Patrol straży może wtargnąć do naszego domu o szóstej rano, i to bez nakazu sądowego. Wystarczy, jeśli ma upoważnienie od wójta, burmistrza lub prezydenta. To uprawnienia większe niż te którymi dysponuje policja. Mają je na przykład krakowscy strażnicy.
Uprawnienie takie zapisane jest w prawie o ochronie środowiska. Ograniczenie jest tylko jedno: kontrola musi zostać przeprowadzona między godz. 6 a 22.

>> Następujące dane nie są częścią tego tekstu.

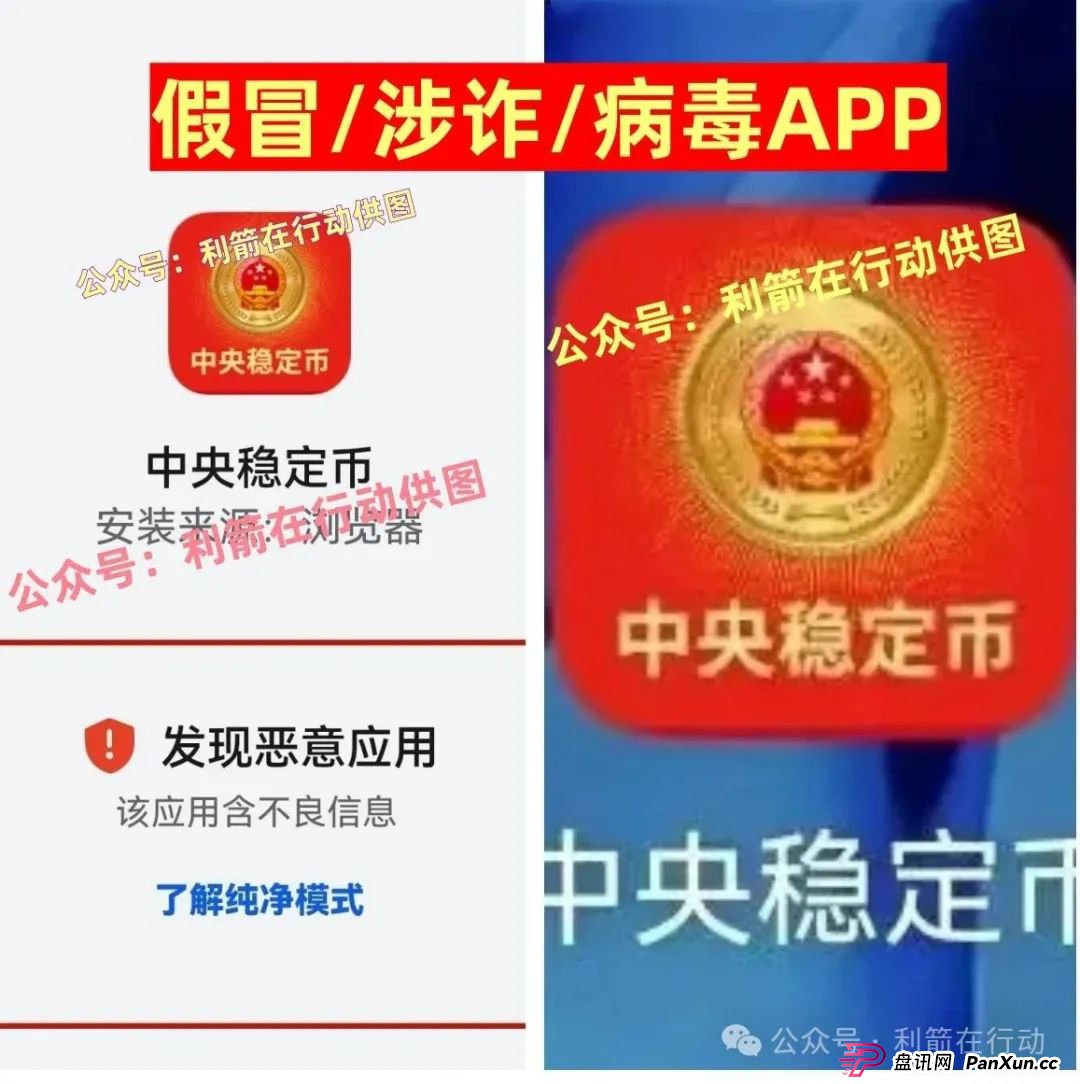 TigerAI（老虎AI），中央稳定币，中央财政稳定币，中国稳定币，京东稳定币，蚂蚁稳定币，腾讯稳定币这7个火爆的稳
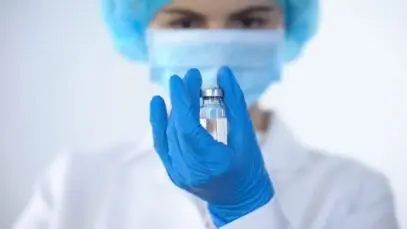 Anvisa aprova remédio para intubação com regra flexível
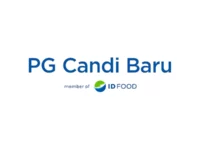 Lowongan Kerja Magang BUMN PT PG Candi Baru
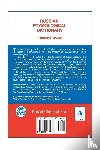 Wade, Terence - Russian Etymological Dictionary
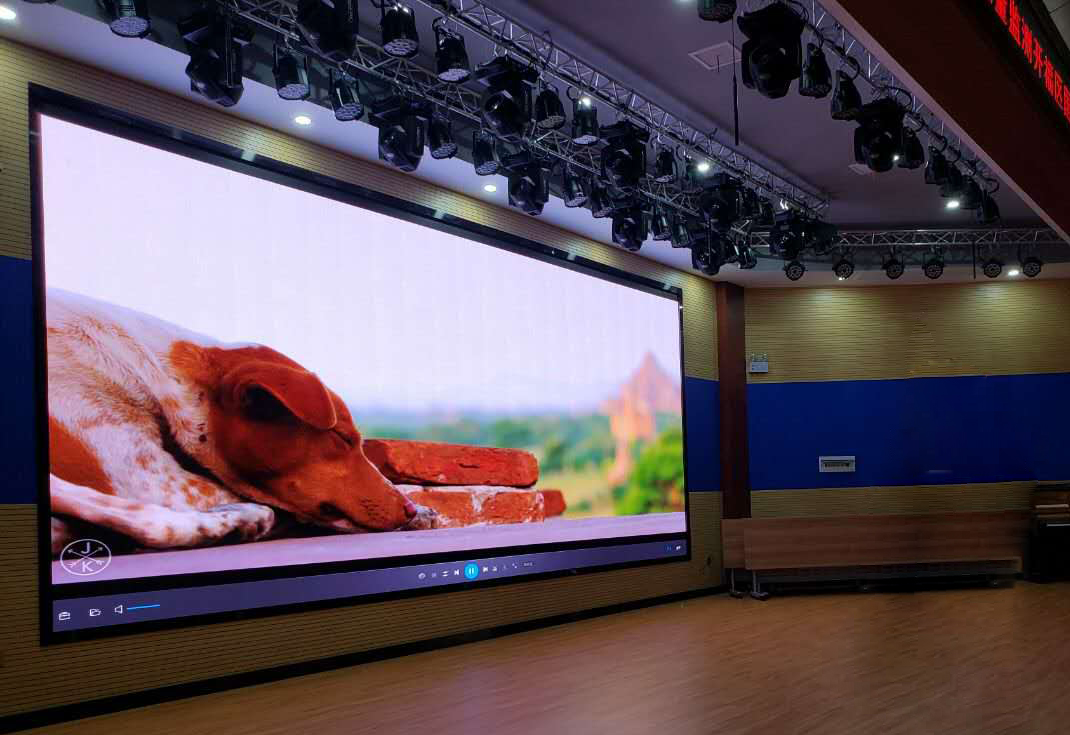 LED顯示屏,室內(nèi)全彩LED,戶外LED顯示屏,LED顯示屏供應商,戶外彩色LED顯示屏,LED顯示屏生產(chǎn)廠家,高密度LED全彩顯示屏,湖南LED顯示屏,湖南室內(nèi)全彩LED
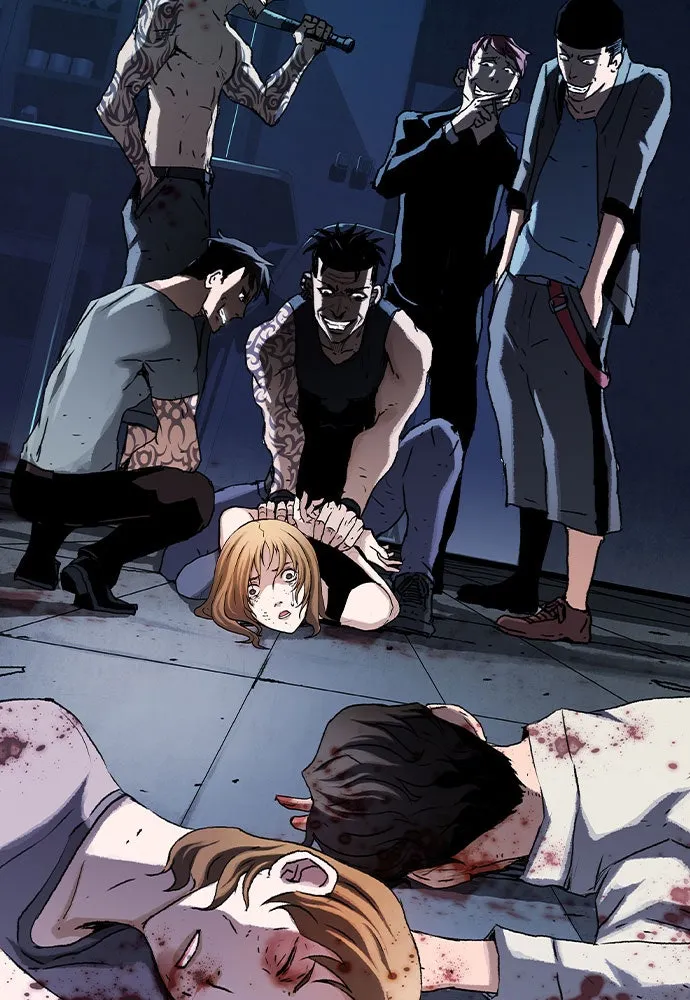 100 Chapter 5 page 8 - 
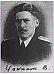 Чекалин
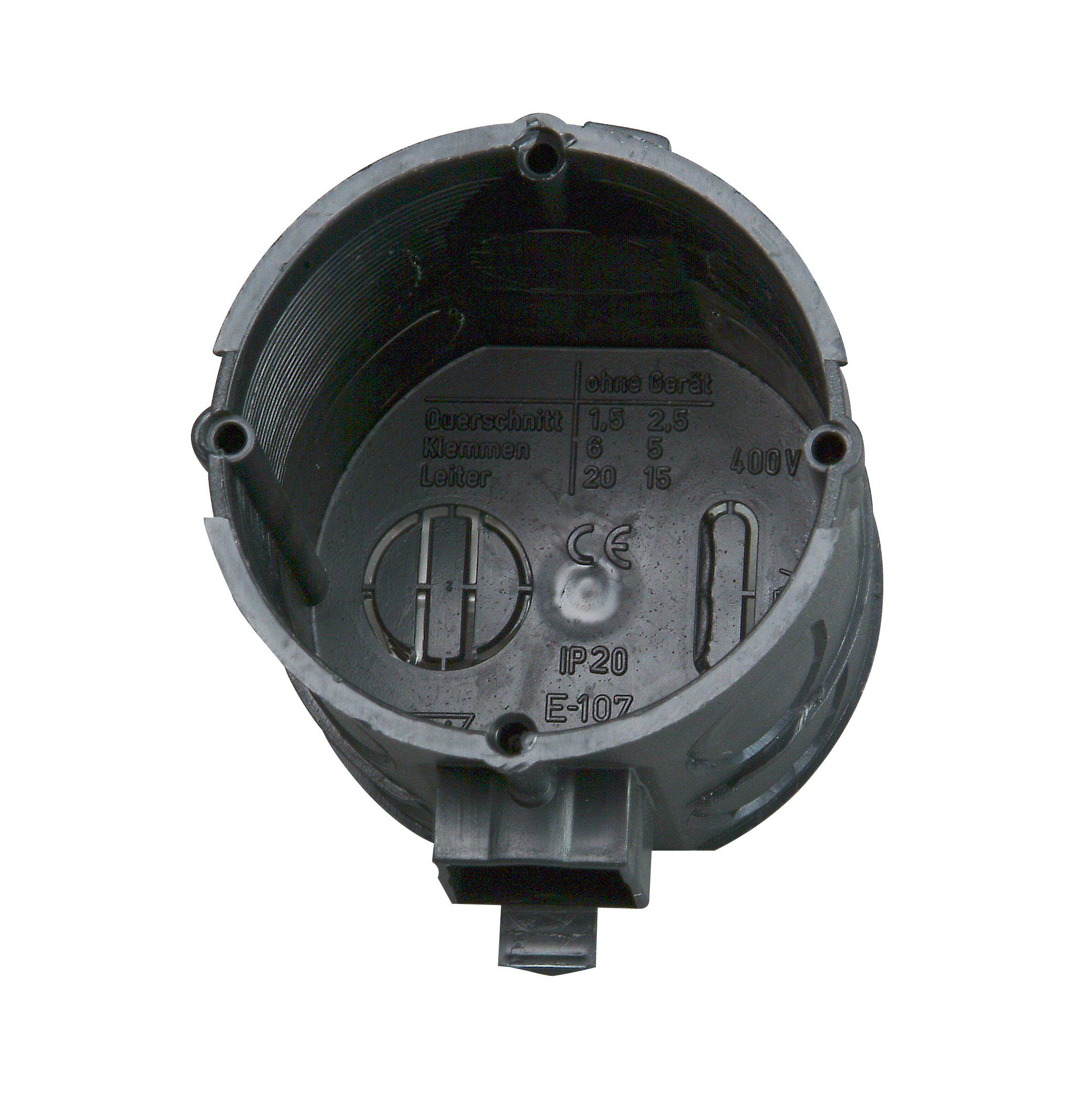 Kopp Lichtschalter (25-St)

Taki przepis w gorszej sytuacji stawia mieszkańców. Ich prywatność jest gorzej chroniona niż swoboda prowadzenia biznesu. Na gruncie zasad konstytucyjnych powinno być odwrotnie
— mówi „Rzeczpospolitej” Ryszard Piotrowski, konstytucjonalista z UW. Jak podkreśla „Rz”, uprawnienia straży budzą wątpliwości konstytucyjne. Bo funkcjonariusza, który che skontrolować nasz piec trzeba wpuścić, nawet jeśli przyjdzie o szóstej rano i bez zapowiedzi. Za zamknięcie mu drzwi przed nosem grozi zarzut karny: udaremniania kontroli zagrożony nawet trzema latami pozbawienia wolności.